The main lesson I've learned is that not everyone is as honest as you may be. Just because I would never commission someone to make a dress and drop off the face of the earth without paying for it, doesn't mean that someone else won't. I had that happen to me more times than I'd like to admit.   I've also learned that if you don't love what you do, it won't matter how much money you make. I worked for a handful of people before finally deciding to try it on my own, and the same thing usually happened; I'd be happy the first few weeks because I could finally save up for something I may have wanted, but once I got it, I kind of felt unfulfilled, like I was missing something important. Money is nice to have in abundance, but to be honest, if the world never ran on currency, I would still be doing what I do now.   The third thing is that your client should NEVER see you panic. There are times when something is a bit too snug, or too short, and I can visibly see the panic in my clients' eyes. I always keep a cool head and reassure them that it's not the end of the world, and that it can be fixed. Because in most cases, it can. Things go wrong all the time, but it's the way that we handle it that people usually remember.

Name someone you would really like to work with. Why?  

I have a designer bucket list that I constantly add to, but if I had to pick one person right now, it would be Emma Stone. She's one of my favorite redheads and I love that she likes to stand out on the Red Carpet. Plus she would be so much fun to hang out with.

What are the top three life lessons you would pass on to someone else?   

First, I would advise them not to take failures and the word 'no' as the end of the road. None of these things are permanent unless we let it be.  Also, I'd tell them to not let the way the world treats you change you for the worse. If you are a positive person, hold on to that. If you're a video game enthusiast way into your 30's, own it. The world needs diversity.   Finally, I would encourage them to travel and learn as much as you can about as many places as you can, while you can.

You run into a potential client in the elevator/coffee shop and you only have 60 seconds to sell yourself. Go!

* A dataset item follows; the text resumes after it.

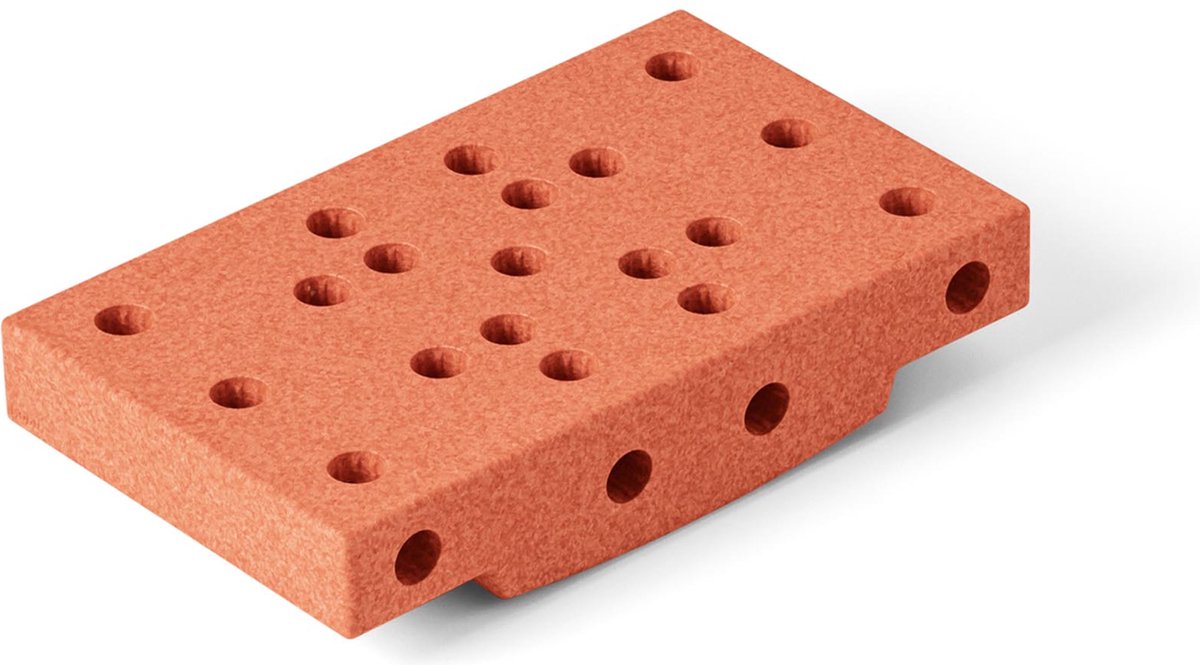 Modu Blokken Gebogen basis - Zachte blokken- Open Ended speelgoed - Uitbreiding Balansbord -Speelgoed 1 jaar - Burnt Orange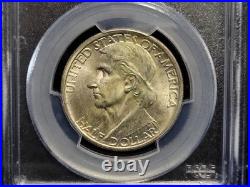 1934 Boone Commemorative Half Dollar 50c PCGS MS65 GEM BU Toned See Pics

Hmmm. Well at least 20 of that 60 seconds would be wasted on me just going back and forth in my head about whether or not I should even approach them. If it's someone who's in the public eye, I'd ask them if they were so-and-so and then I'd say something like 'Awesome, I really appreciate what you do for (insert charity here). My name is Kenria Smith, I'm a local designer and stylist, and I'd love to work with you for your next event.' Then I'd give them my card and let the rest sort itself out. I'm not an aggressive human.

 What's next for Ria Georgina?  

I'm currently working on some pieces for an upcoming music video (I won't say who yet), and after that, I will be winging it. I'm open to whatever opportunities this profession has waiting for me.